• **Exercise materials**
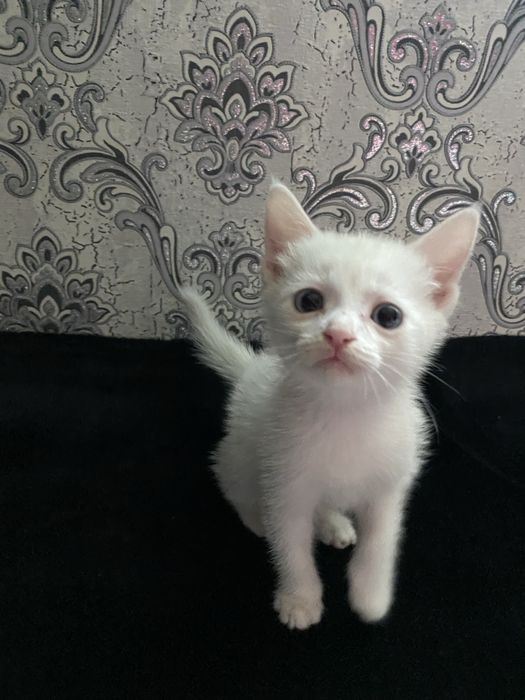 turetski angora mushugi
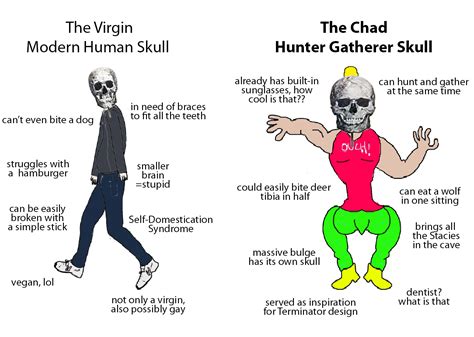 the virgin modern human skull vs chad hunter gatherer skull r virginvschad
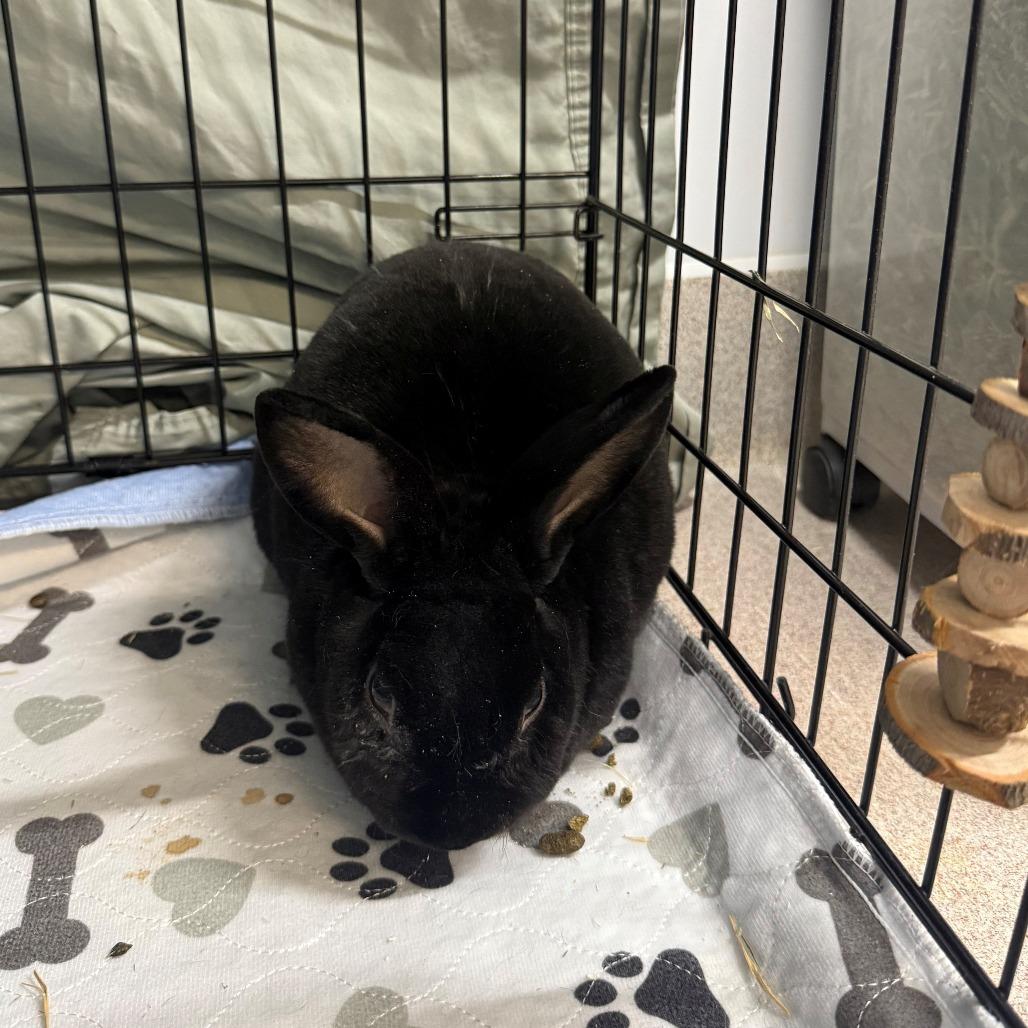Enlarge Shadow, a Adoptable Mini Rex in Branford, CT image 1/1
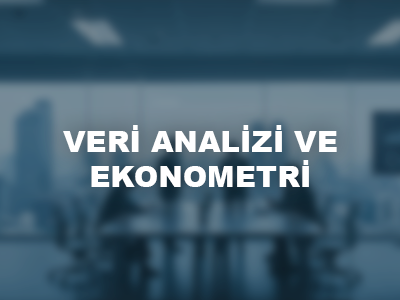VERİ ANALİZİ VE EKONOMETRİ 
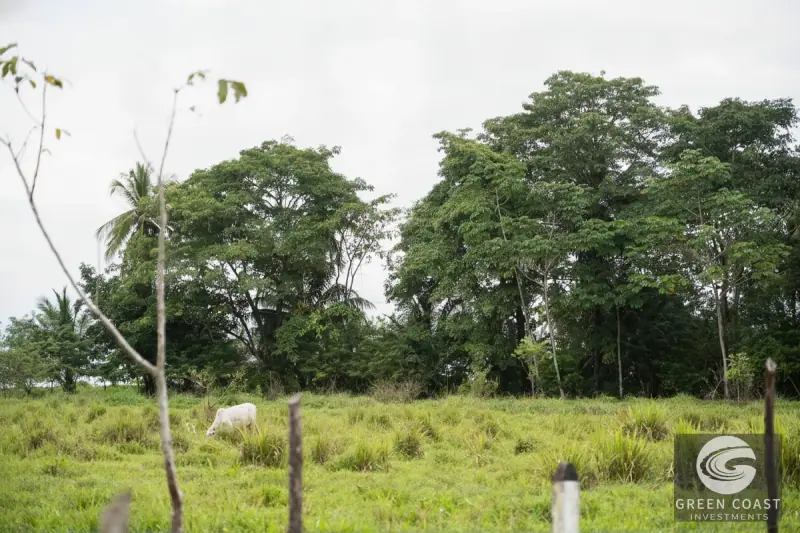 Prime 4.2-Acre Development Land Near Pavones Beach | Ideal for Boutique Hospitality — view 13, Pavones, Golfito, Costa Rica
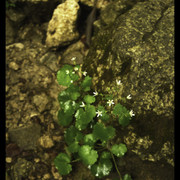 Green II 2048px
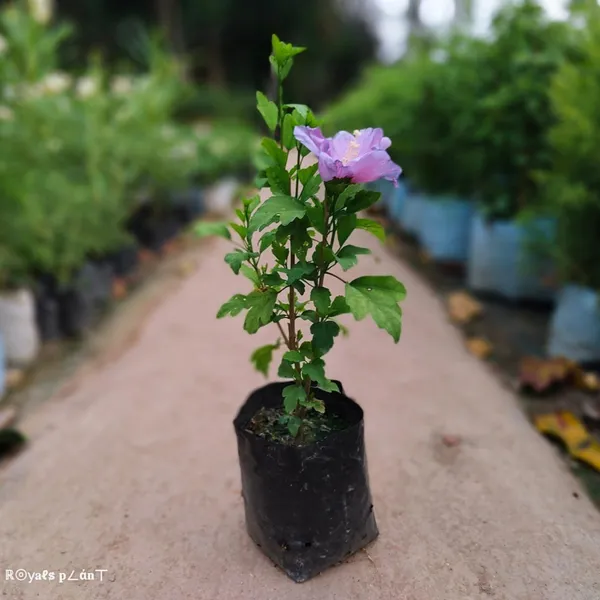 Blue_Bird_Hibiscus_Flower_Plant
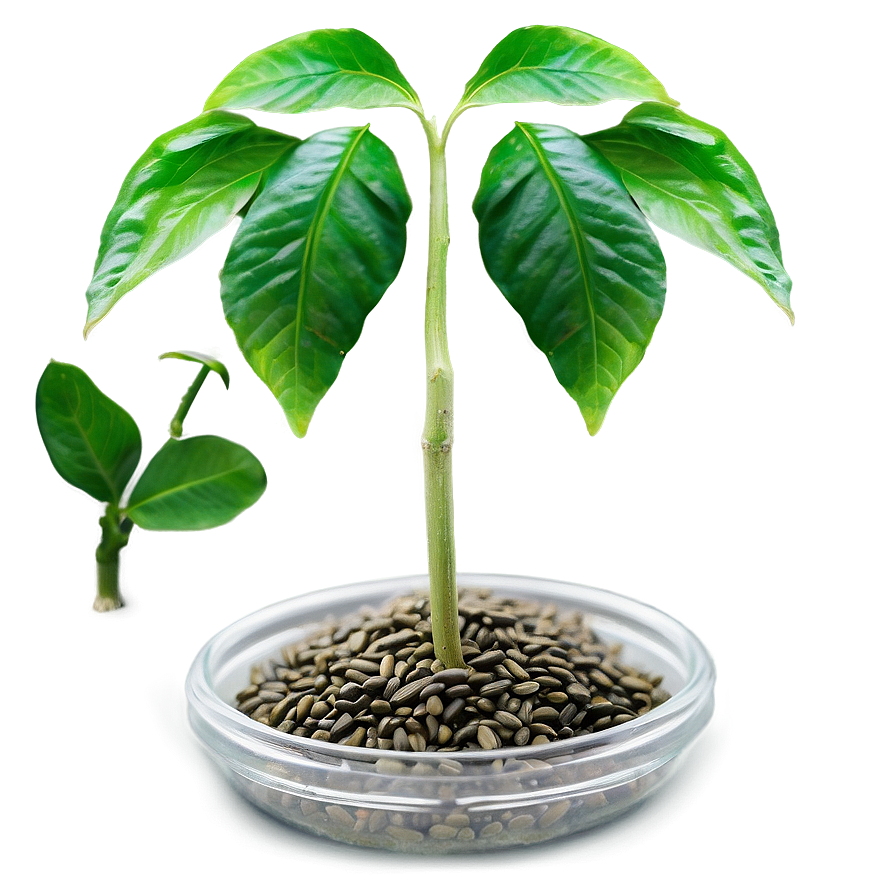 Seed Crowdfunding Campaign PNG pyd PNG with transparent background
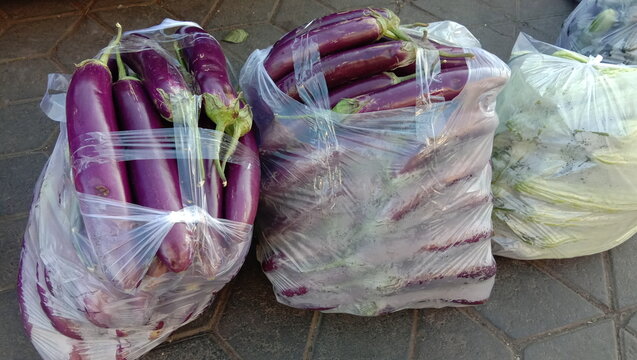 Fresh purple eggplants packed in plastic bags for sale at a traditional market. Healthy organic vegetables, local agriculture, harvest produce, food supply, and retail market concept.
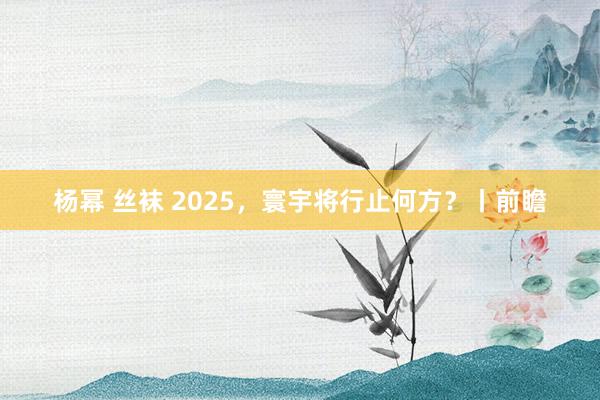 杨幂 丝袜 2025，寰宇将行止何方？丨前瞻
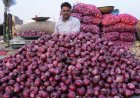 Onion Prices Rise 15% in Maharashtra Mandis in a Week, More Than Double Since June; Exports Also Pick Up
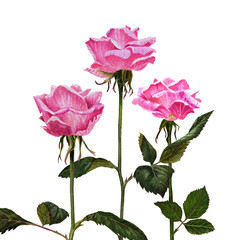 Watercolor pink rose, wallpaper watercolor illustration in for invitation, card making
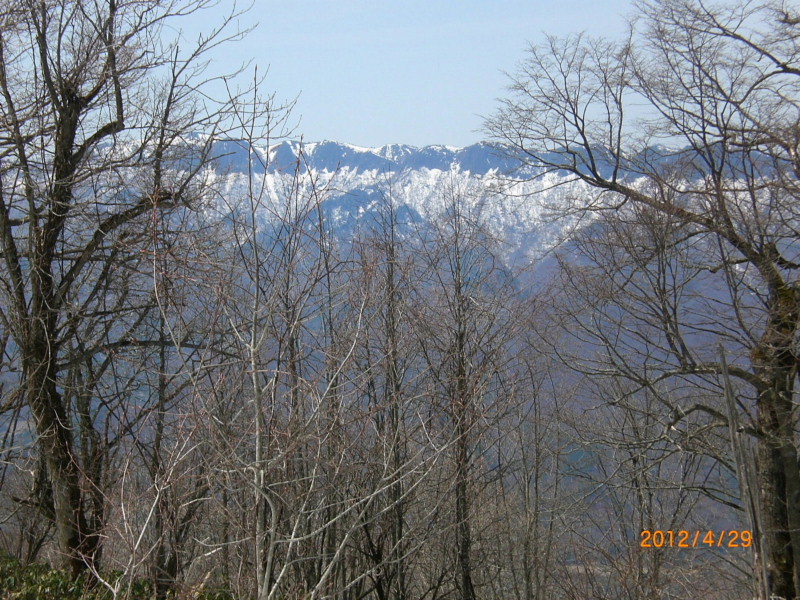 05.JPG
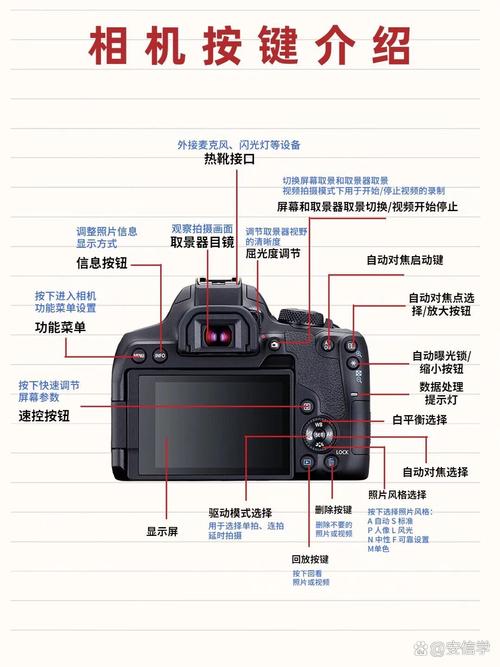 佳能850d机身重量，佳能850d多少像素？-第2张图片-优品飞百科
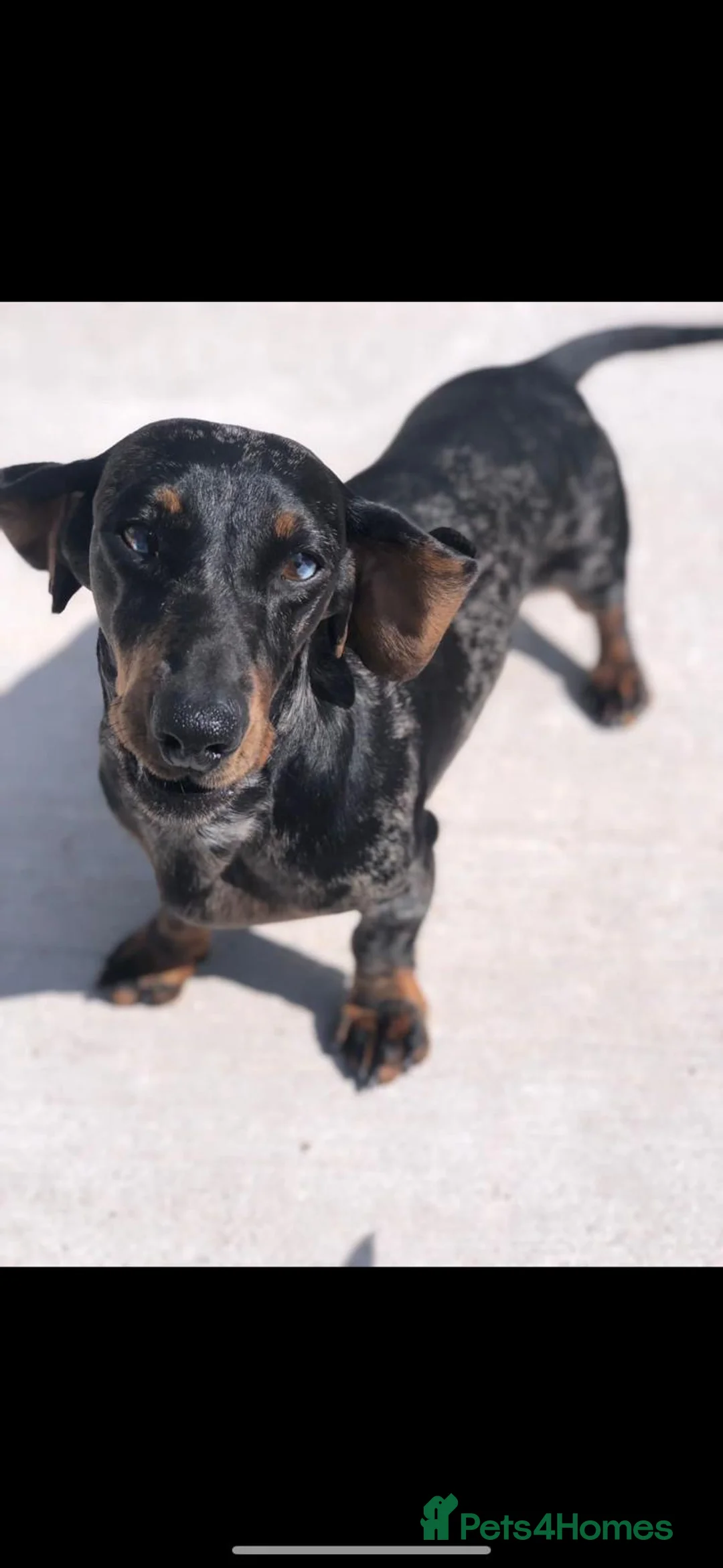 Miniature Dachshund dogs for stud: Miniature dachshund stud  - Advert 9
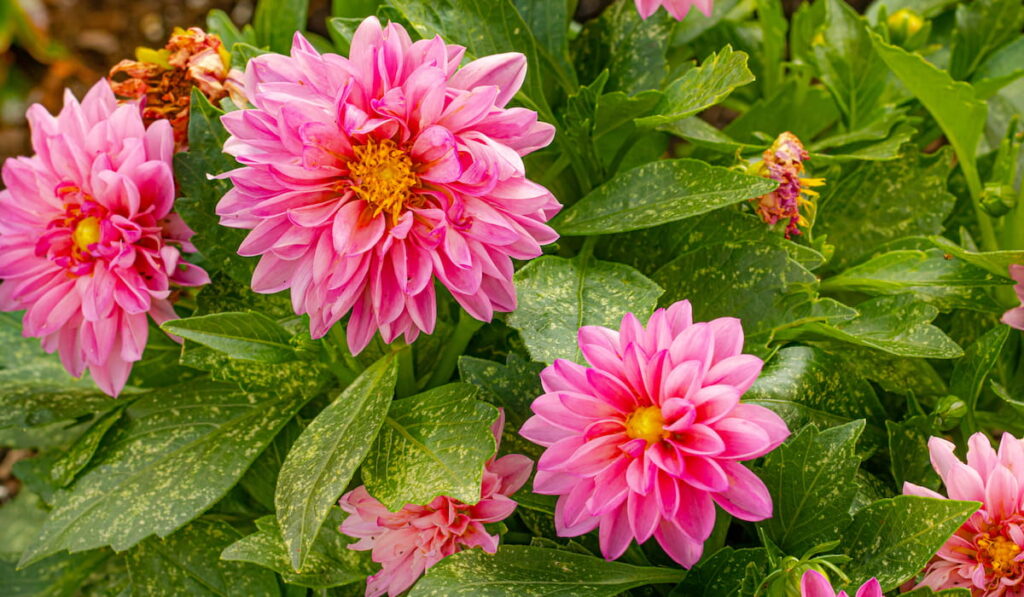Pink Dahlias blossoming in the garden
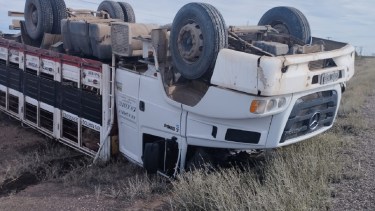 Volcó su camión con chanchos por intentar esquivar un auto en Ruta 22, cerca de Chelforó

• **Your objective**
Leave out every picture, and copy exactly the lines above starting at the one holding "the virgin modern" and ending at the one holding "VERİ ANALİZİ VE EKONOMETRİ", no more and no less.

• **Response below**
 the virgin modern human skull vs chad hunter gatherer skull r virginvschad
Enlarge Shadow, a Adoptable Mini Rex in Branford, CT image 1/1
VERİ ANALİZİ VE EKONOMETRİ 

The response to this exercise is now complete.